▶ RECORDED DATA:
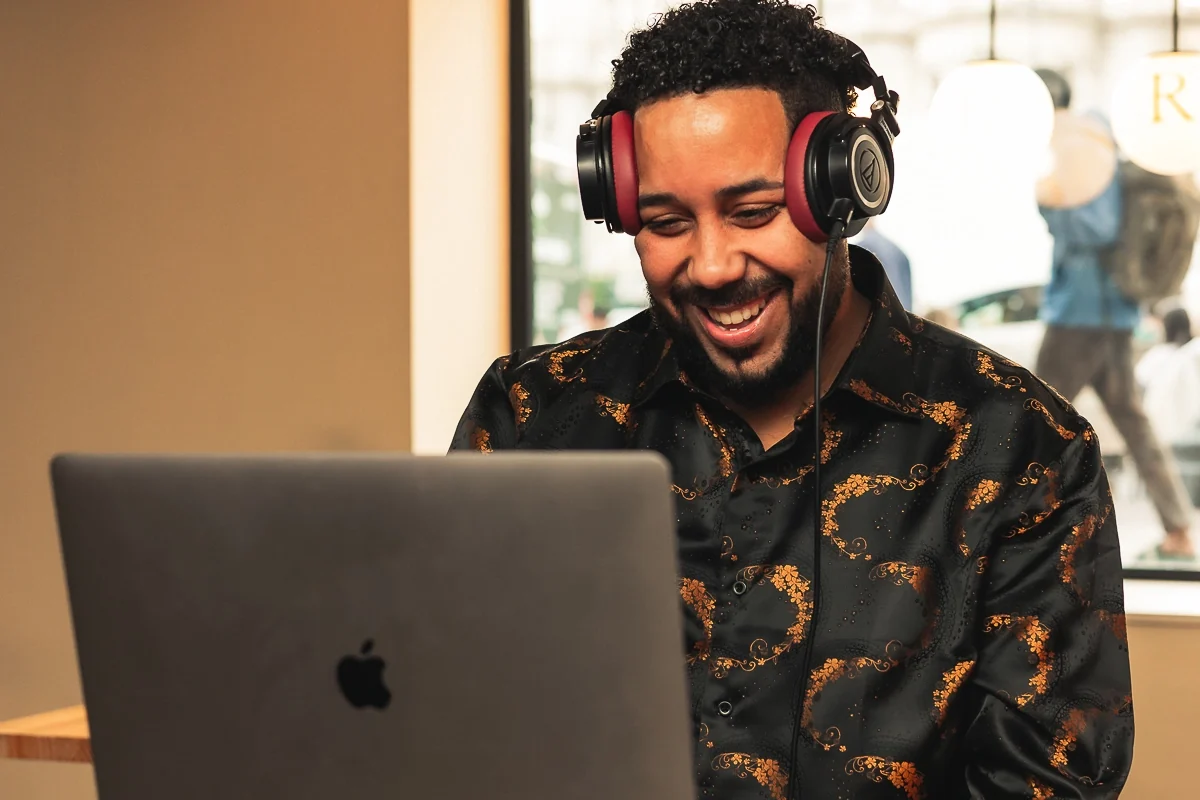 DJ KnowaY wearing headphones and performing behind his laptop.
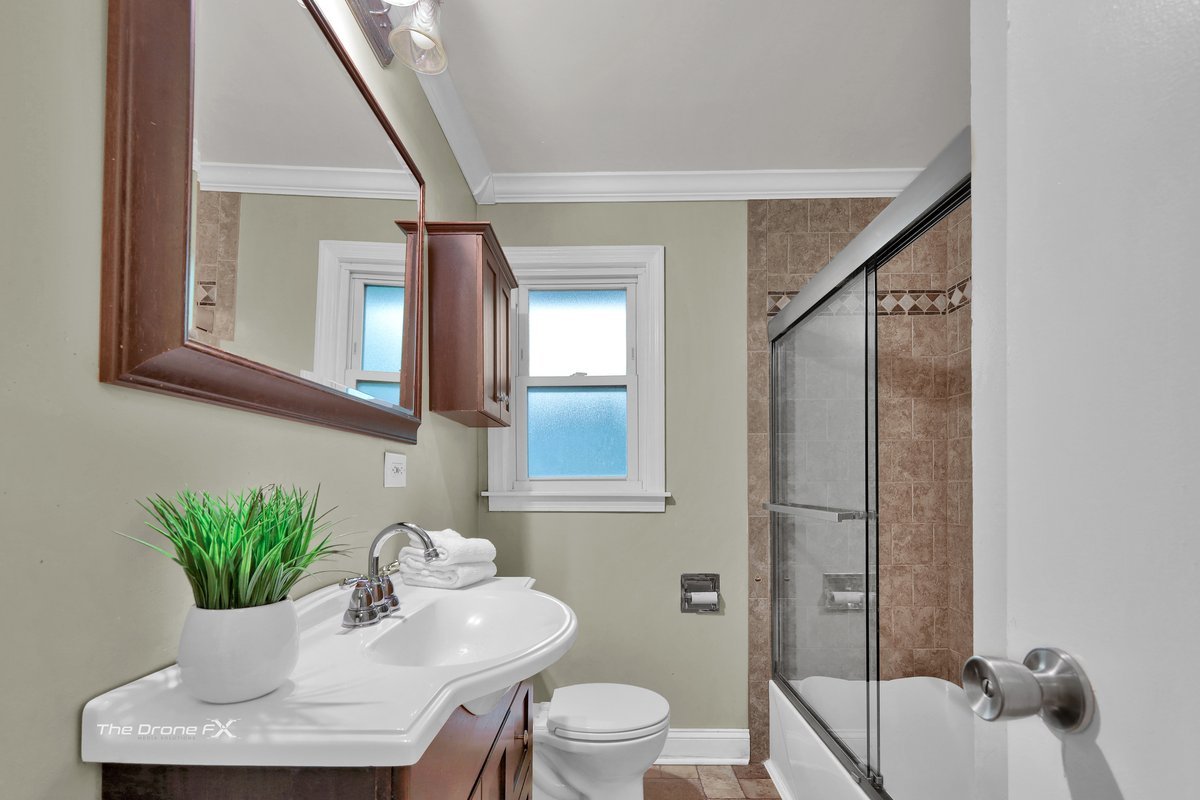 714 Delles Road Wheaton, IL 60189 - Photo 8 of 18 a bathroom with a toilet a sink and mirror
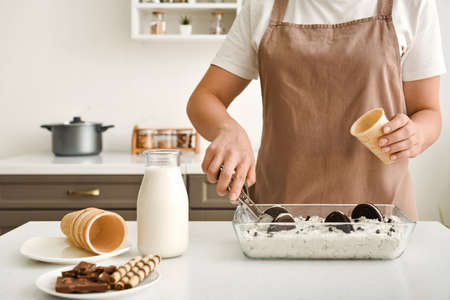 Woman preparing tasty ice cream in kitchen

▶ PROBLEM TO SOLVE: Copy out the listing word for word and skip its pictures.

▶ RESPONSE AREA:
 DJ KnowaY wearing headphones and performing behind his laptop.
 714 Delles Road Wheaton, IL 60189 - Photo 8 of 18 a bathroom with a toilet a sink and mirror
 Woman preparing tasty ice cream in kitchen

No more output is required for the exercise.